→ **Problem to solve**:
Each record that follows is to be duplicated exactly, though its pictures are not.

[[ Data for this exercise, beginning ]]

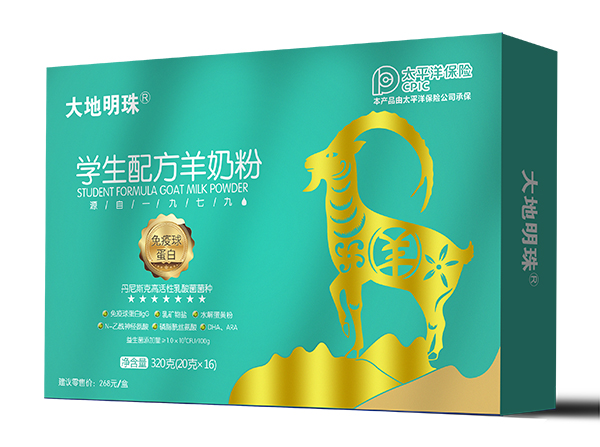  �������W(xu��)���䷽���̷�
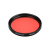 b9ab983950dcbfe304fe32a009ae3054 b9ab983950dcbfe304fe32a009ae3054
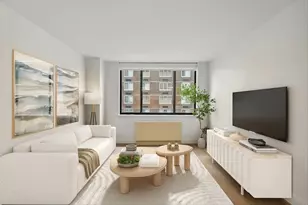 345 E 94th St, New York City, NY 10128 - Photo 1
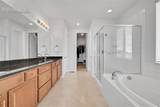 6848 Petunia Place - Photo 9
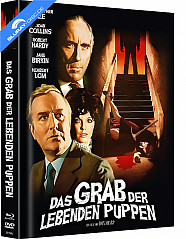 das-grab-der-lebenden-puppen-limited-mediabook-edition-cover-e-blu-ray---dvd_klein.jpg das-grab-der-lebenden-puppen-limited-mediabook-edition-cover-e-blu-ray---dvd_klein.jpg
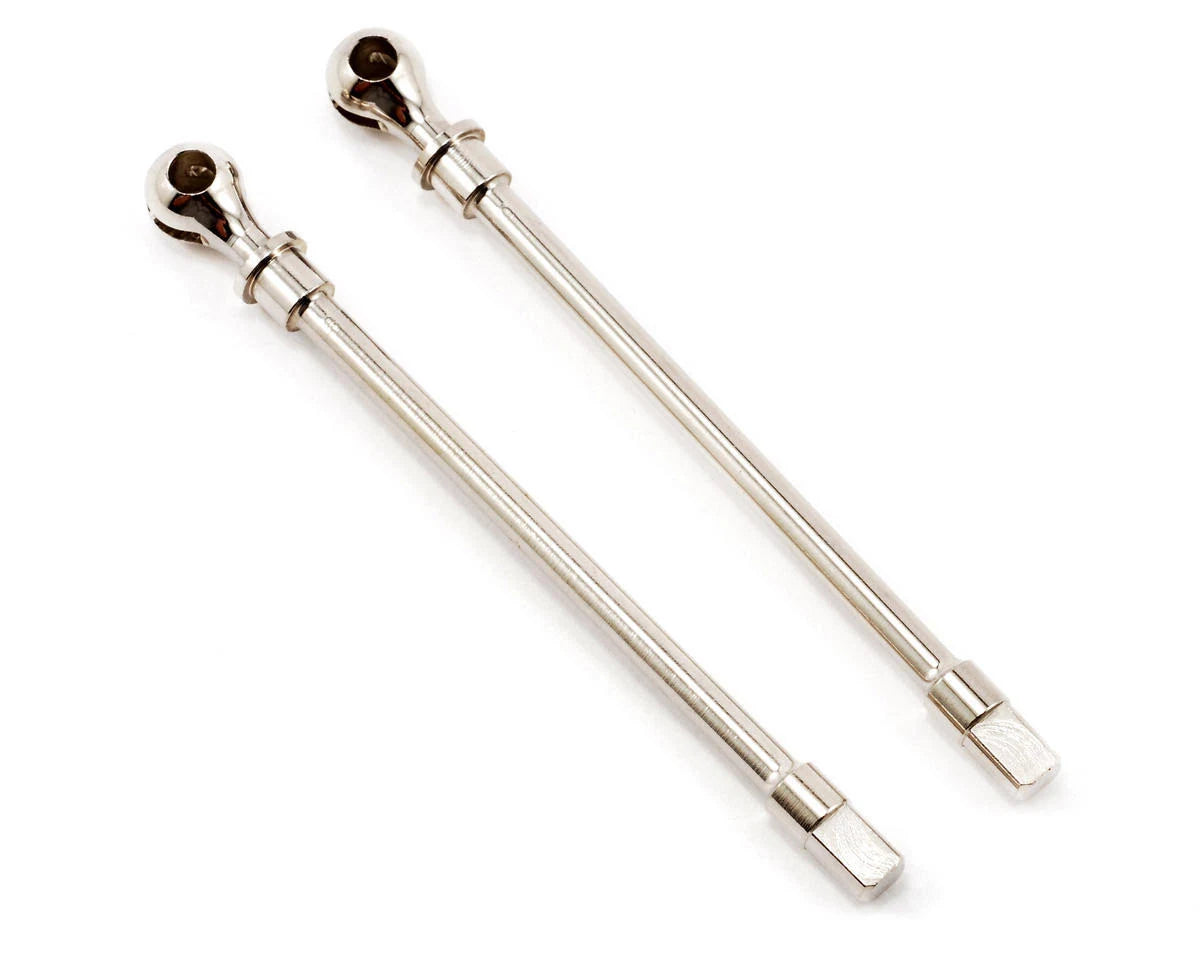 Axial Universal AX10 Joint Axle Shaft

[[ Data for this exercise, end ]]

→ **Answer space**:
  �������W(xu��)���䷽���̷�
 b9ab983950dcbfe304fe32a009ae3054 b9ab983950dcbfe304fe32a009ae3054
 345 E 94th St, New York City, NY 10128 - Photo 1
 6848 Petunia Place - Photo 9
 das-grab-der-lebenden-puppen-limited-mediabook-edition-cover-e-blu-ray---dvd_klein.jpg das-grab-der-lebenden-puppen-limited-mediabook-edition-cover-e-blu-ray---dvd_klein.jpg
 Axial Universal AX10 Joint Axle Shaft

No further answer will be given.